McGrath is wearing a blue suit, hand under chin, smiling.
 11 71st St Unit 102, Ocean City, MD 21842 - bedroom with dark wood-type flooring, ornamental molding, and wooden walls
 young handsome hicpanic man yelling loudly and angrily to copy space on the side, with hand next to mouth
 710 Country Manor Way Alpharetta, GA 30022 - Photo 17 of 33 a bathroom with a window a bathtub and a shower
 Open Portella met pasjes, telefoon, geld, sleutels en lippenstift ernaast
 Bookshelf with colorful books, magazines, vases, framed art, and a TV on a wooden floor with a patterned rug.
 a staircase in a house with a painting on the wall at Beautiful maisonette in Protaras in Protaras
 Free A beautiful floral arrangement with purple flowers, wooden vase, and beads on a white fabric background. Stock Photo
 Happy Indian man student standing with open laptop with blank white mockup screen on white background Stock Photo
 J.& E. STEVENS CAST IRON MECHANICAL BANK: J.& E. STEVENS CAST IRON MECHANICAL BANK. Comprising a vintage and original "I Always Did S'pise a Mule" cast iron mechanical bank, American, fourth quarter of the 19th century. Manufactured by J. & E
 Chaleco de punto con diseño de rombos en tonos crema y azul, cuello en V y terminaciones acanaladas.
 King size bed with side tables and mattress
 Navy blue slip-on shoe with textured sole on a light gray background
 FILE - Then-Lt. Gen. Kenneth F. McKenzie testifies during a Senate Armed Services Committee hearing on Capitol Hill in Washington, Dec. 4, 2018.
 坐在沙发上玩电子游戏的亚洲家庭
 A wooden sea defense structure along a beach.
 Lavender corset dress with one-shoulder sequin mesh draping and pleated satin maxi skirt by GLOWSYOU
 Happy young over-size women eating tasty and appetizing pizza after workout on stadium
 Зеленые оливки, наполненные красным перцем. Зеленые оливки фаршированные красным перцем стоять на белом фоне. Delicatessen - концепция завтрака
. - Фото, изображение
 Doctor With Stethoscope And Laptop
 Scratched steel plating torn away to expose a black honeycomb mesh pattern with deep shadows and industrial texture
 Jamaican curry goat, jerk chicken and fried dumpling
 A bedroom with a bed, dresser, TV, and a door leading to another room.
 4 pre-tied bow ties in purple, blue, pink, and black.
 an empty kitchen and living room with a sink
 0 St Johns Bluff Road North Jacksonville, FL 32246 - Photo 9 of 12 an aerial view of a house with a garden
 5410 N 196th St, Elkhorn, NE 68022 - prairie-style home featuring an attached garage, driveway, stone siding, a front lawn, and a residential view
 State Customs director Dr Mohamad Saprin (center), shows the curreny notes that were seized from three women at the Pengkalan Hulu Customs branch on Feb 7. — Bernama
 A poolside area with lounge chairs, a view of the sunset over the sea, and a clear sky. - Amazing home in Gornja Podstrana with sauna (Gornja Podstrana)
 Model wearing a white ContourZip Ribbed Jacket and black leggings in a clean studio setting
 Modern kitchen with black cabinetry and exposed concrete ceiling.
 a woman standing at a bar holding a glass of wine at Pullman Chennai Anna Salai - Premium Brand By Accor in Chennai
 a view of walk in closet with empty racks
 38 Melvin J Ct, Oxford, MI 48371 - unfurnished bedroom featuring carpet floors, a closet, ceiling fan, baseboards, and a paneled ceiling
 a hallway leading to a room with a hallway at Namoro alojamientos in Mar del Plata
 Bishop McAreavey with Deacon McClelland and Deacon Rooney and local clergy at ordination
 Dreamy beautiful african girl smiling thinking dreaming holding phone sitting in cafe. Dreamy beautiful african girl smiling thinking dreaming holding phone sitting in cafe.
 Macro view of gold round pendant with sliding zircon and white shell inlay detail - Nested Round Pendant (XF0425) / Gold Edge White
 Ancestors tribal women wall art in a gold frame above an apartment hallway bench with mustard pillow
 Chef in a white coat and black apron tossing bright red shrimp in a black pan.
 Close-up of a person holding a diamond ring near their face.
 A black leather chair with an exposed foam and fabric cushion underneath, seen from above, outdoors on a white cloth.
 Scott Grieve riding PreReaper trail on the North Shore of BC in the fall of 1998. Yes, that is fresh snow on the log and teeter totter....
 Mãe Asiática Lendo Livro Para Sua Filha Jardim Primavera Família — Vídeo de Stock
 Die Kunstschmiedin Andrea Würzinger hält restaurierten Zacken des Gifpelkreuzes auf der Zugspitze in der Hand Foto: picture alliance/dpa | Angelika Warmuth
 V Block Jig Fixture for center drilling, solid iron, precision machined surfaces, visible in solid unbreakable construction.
---*---
** Task goal **
A single figure is the whole answer: the number of lines in the material above where the string "ceiling" occurs.

** Exercise answer **
2